Following the high drama of the listening exercise and the government’s acceptance that its original proposals to reform the NHS were flawed, the media has moved on to other things like the phone hacking scandal and the financial woes of the Eurozone. You could be forgiven for thinking that the Health and Social Care Bill has gone away. Sadly, this is not the case.

During July, the Health and Social Care Bill returned to be discussed in the Public Bill Committee. Some of the issues raised by the BMA and others have been addressed. But the amendments have not produced a positive consensus, with Unison recently describing the amended Bill as Frankenstein’s bill and others, including the RCN and the RCGP, still unhappy with aspects of the reforms.

Whilst pressure from organisations like the BMA has forced the changes, for example, the removal of the primary role of Monitor to promote competition and the over ambitious deadline to convert all NHS Trusts into Foundation trusts, the Bill is still unclear on serious issues such as what will happen when health care providers fail. Concerns also remain about the introduction of a quality premium which could threaten the doctor-patient relationship. And now there are new issues becoming clear as the new Bill is scrutinised in detail.

At the BMA’s recent Annual Representative Meeting doctors voted to continue to push for the Bill to be withdrawn. The conference stopped short of opposing the Bill outright, adopting the more pragmatic approach of continuing to engage with the government to get further improvements. This was endorsed at a meeting of BMA Council last week.

BMA Council also passed a motion calling for a public campaign to get the Bill to be withdrawn. So the battle to protect the NHS from poorly thought-out legislation continues. The BMA will also be producing an updated briefing shortly setting out further changes that it believes are needed on the Bill if it is to be kept. Let us know what you think by leaving a comment on the blog or by emailing info.healthbill@bma.org.uk

Filling the gaps

By Tavistocker at June 20th, 2011

In the aftermath of the waves of coverage, comment and commotion that followed the end of the listening exercise on NHS reform and the government’s swift response, there was one piece of good news that went somewhat unnoticed; a positive, if tentative step forward in the field of medical research.

The original draft of the Health and Social Care Bill had a worrying gap when it came to this area, with little mention or reference to the impact of the reforms on a sector that produces an array of positive contributions to our society. Patients obviously benefit, daily in some cases, from the medical innovations that are produced from the labours of clinical academics and their consultant colleagues in the NHS. Just as importantly are the financial dividends that new research delivers to the UK economy and the Treasury – which runs into billions each year.
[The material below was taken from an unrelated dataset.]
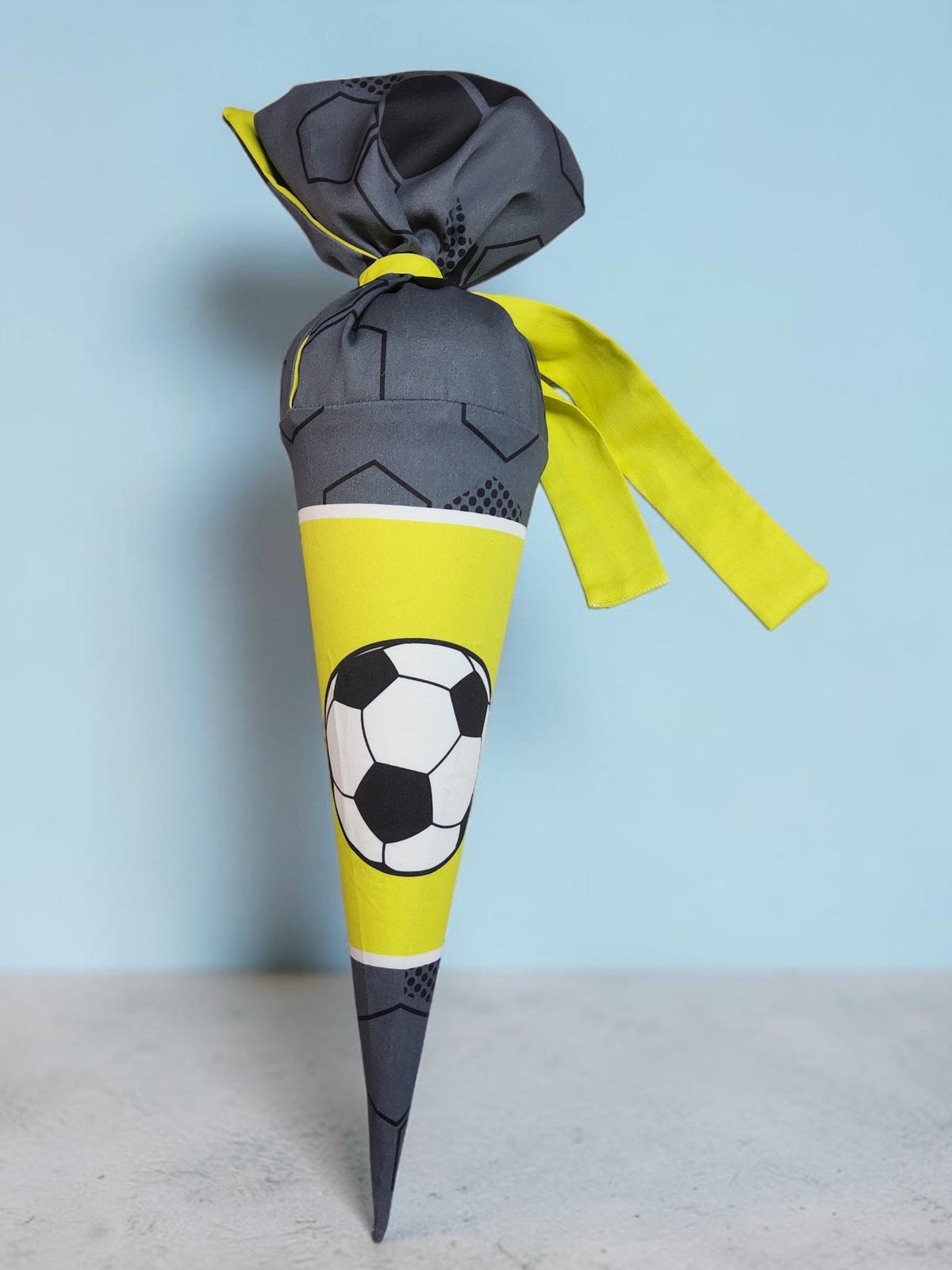 Sofortkauf 35cm: Kindergartentüte / Geschwistertüte inkl. Rohling 35 cm - "Fussball auf Fussballspiel" - wie abgebildet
The Bill’s original cold shoulder to research was frankly unacceptable to the BMA’s Medical Academic Staff Committee (MASC), who began pressing for a response from the off. This we got last week – to an extent. The government now explicitly recognises the importance of a continued major role for research, and, more importantly, obliges clinical commissioning groups and the NHS Commissioning Board to take it into account when making their decisions.

So far, so good, but unfortunately that gap has not been completely filled. While the commissioner side have clear continuing responsibilities, it is less clear what the requirements are for providers when it comes to clinical research, especially how they are supposed to support and maintain existing research facilities.
There is also a worrying vagueness when it comes to who supports staff costs in the NHS arising from research work.

These are issues that need to be clarified as the government embarks on the redrafting of the Bill. The BMA will be keeping a very close eye on these developments, pushing ministers to make sure that we don’t end up with a solution that is well intentioned but incomplete. We will also be making it clear that it is important we retain and build on the workforce we have – as MASC Co-Chair Michael Rees told the recent COMAR conference – so that we have the right backbone with which to fulfil our national potential in the field of research.